The postpunk bands played and experimental filmmakers gathered amid the faded 1930s and ’40s elegance, where high-end coffee and high-priced organic drinks are now sold.

“It was the kind of place you had to know about,” artist and musician G.B. Jones says of the Cabana Room, an upstairs venue off the beaten track in what was the Spadina Hotel on the corner of Toronto’s King Street West and Spadina Avenue.

By the late 1990s, the nearly 100-year-old hotel was turned into a youth hostel and fell into disrepair, only to be recently gutted and repurposed as Quantum Coffee and BrainStation, a business offering courses in Web design and programming. Its backers are trying to foster an urbane scene for tech-minded young professionals.

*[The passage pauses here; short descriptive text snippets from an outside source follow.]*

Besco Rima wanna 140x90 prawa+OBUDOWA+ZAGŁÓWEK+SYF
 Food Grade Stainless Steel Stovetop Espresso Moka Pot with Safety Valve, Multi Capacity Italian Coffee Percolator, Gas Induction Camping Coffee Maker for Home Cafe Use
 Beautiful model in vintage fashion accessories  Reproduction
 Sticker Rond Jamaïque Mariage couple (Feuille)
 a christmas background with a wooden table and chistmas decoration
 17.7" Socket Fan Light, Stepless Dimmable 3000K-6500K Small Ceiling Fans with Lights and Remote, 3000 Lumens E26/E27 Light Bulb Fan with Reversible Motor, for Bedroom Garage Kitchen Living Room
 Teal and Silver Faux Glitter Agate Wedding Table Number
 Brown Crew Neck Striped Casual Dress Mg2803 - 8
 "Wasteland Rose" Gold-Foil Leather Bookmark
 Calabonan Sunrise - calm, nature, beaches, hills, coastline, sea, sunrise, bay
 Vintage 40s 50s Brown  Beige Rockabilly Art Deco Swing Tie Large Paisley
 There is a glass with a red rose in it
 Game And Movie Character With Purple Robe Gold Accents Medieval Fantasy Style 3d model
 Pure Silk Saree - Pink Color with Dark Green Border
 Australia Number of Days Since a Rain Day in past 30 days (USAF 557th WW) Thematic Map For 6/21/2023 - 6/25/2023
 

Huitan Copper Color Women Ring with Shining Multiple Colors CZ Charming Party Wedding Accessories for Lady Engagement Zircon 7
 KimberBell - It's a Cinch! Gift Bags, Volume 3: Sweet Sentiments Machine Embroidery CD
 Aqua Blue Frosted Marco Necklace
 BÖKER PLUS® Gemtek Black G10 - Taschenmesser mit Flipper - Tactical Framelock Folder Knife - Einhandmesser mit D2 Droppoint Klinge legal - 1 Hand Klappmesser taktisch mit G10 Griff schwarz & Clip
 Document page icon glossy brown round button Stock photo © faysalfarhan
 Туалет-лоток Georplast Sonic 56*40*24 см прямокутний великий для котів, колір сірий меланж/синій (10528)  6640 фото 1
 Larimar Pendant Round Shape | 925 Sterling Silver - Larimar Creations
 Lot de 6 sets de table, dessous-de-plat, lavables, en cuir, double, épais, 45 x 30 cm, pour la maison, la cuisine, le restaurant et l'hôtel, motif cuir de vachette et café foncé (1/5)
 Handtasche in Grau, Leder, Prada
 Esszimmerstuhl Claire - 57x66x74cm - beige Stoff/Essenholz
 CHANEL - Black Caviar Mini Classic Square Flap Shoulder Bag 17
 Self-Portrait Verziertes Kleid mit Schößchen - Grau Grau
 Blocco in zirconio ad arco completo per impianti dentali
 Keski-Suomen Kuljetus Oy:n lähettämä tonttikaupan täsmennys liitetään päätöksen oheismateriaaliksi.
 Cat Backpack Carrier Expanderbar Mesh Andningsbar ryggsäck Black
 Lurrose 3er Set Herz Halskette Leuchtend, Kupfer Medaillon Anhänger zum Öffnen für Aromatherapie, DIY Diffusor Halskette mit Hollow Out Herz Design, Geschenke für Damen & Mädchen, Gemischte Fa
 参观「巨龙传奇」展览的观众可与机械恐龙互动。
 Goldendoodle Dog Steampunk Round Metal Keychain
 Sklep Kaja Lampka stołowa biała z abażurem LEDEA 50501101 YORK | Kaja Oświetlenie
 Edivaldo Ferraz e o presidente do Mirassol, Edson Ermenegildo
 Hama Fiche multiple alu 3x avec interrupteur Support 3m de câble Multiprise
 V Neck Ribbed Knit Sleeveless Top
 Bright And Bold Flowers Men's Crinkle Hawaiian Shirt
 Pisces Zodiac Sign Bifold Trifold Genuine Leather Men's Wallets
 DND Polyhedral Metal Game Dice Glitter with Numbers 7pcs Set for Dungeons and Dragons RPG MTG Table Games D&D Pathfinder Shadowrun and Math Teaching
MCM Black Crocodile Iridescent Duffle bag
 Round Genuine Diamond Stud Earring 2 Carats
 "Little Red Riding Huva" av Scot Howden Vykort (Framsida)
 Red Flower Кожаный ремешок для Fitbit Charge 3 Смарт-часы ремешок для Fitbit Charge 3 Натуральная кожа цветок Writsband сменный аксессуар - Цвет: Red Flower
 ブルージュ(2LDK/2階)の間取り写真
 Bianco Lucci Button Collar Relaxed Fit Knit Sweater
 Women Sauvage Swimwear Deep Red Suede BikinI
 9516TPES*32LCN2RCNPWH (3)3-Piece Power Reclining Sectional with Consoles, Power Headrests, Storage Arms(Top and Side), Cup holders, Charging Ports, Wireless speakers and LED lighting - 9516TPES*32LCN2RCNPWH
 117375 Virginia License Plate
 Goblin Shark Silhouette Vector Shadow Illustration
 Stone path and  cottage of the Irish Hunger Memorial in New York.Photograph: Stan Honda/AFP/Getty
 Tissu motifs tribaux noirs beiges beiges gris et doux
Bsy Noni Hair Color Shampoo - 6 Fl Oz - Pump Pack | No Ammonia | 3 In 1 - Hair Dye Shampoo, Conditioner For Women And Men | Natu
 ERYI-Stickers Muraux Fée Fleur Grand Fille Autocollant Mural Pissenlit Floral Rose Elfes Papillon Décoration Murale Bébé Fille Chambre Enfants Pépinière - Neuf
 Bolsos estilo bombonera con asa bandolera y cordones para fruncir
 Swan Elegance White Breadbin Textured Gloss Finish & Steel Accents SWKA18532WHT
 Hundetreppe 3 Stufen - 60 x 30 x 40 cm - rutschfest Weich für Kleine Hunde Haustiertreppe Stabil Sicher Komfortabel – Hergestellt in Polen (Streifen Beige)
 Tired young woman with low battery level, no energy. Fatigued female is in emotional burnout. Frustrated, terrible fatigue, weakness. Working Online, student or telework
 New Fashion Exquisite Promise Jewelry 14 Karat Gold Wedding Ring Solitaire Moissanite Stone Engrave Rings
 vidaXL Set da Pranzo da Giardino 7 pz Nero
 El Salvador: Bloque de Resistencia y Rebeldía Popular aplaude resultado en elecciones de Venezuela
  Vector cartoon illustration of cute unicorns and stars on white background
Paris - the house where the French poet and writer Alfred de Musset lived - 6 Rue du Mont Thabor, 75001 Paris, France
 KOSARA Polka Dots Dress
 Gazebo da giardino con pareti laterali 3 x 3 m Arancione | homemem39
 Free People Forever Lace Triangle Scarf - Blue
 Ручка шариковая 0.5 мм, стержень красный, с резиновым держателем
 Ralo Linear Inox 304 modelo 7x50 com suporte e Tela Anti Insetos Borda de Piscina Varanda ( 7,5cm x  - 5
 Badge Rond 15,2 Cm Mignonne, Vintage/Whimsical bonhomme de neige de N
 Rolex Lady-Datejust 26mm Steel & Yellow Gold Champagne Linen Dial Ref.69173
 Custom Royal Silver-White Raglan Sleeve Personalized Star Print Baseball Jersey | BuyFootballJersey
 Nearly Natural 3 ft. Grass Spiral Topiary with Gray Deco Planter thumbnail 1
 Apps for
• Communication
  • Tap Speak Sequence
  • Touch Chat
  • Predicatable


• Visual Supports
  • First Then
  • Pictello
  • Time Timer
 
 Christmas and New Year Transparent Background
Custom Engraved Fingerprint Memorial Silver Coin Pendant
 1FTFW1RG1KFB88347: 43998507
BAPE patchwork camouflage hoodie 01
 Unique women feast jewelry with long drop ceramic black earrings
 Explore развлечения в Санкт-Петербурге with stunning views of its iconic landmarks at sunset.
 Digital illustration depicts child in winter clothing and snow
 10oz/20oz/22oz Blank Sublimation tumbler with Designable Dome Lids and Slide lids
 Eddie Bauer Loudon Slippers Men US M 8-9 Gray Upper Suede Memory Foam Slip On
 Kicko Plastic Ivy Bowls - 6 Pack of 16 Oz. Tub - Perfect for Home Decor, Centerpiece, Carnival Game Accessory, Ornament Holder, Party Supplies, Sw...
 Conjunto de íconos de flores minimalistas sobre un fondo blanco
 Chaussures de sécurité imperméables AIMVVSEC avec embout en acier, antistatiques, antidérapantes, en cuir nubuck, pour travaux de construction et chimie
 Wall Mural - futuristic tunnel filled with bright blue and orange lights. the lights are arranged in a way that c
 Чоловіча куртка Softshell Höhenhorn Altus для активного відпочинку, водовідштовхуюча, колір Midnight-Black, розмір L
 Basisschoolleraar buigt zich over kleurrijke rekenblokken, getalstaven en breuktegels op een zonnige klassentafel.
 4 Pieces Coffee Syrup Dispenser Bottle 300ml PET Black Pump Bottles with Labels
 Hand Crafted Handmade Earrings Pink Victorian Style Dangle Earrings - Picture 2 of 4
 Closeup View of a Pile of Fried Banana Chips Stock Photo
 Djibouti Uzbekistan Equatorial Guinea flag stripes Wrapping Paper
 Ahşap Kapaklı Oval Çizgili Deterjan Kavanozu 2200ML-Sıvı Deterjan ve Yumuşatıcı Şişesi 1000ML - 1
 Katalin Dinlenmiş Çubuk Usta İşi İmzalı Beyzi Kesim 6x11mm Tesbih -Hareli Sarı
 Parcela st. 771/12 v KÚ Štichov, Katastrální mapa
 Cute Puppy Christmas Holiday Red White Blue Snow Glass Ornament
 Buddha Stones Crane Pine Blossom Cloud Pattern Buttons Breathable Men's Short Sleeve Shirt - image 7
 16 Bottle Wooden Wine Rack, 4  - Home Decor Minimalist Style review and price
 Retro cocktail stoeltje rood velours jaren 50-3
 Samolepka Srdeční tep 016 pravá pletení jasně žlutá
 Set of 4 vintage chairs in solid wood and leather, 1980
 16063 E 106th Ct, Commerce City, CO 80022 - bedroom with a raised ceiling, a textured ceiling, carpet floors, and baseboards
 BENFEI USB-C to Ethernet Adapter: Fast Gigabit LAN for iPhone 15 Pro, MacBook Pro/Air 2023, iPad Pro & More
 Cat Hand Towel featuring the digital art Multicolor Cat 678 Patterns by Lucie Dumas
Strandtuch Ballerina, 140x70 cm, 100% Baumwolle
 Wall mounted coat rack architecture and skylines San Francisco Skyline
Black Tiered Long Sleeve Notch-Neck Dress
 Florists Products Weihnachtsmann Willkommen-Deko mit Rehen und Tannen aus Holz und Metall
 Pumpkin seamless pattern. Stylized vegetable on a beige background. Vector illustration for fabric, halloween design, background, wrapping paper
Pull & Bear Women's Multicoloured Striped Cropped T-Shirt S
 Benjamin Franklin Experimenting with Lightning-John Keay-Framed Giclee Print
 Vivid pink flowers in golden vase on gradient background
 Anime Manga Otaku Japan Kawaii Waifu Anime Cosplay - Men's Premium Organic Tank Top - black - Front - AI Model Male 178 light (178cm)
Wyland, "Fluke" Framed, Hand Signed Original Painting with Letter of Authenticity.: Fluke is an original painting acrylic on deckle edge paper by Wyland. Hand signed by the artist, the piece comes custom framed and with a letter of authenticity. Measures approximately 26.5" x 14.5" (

In the 1980s, it was a scene created by musicians and artists.

The main bar, when the building was still the Spadina Hotel, “was so beautiful,” Ms. Jones recalls. “They hadn’t changed it since the 1930s. When you walked in, it was like walking into a Raymond Chandler novel. You felt like you were in a film noir movie.”

But the upstairs Cabana Room was the focal point, hosting bands such as Fifth Column, a precursor to the riot grrrl movement in which Ms. Jones was mainly a drummer and singer. Experimental groups such as The Party’s Over and the alt-rock Woods are Full of Cuckoos also took the stage. Each were a burst of brilliance, equal to New York’s art punk and No Wave scene at the time.

The Cabana Room was also a draw for the busy cassette-tape culture, with bands releasing homemade tapes and compilations, now rare and highly prized.

The Art Deco decor, with shades of the downstairs bar, also featured silver poles, Ms. Jones says, which created little enclaves for the bands and the audience full of art students, many of whom lived close by.

She lived with bandmate Caroline Azar in a nearby warehouse. “We practised there, and we also had other people practising there. And everyone would just go over to the Cabana Room, because it was literally right around the corner,” she says.

This was decades before the glut of downtown condos. Living downtown was still an anomaly. “When we were younger, everyone we knew lived in warehouses right downtown. You’d walk around the streets, and the people you’d see would be mostly artists and musicians and filmmakers, and people who came downtown to work.”

By the early 1990s, the scene was ending. Rents rose. The underground was starting to get more mainstream attention, losing its impetus. The cassette culture died. King Street West, with its tech and advertising offices and its more cultivated feel today, is unrecognizable from what it was, Ms. Jones says.

Every underground scene inevitably ends. “So you can’t really be too sad about that changing. You have to accept the fact that it’s going to move into a different venue or a different part of the city,” she says.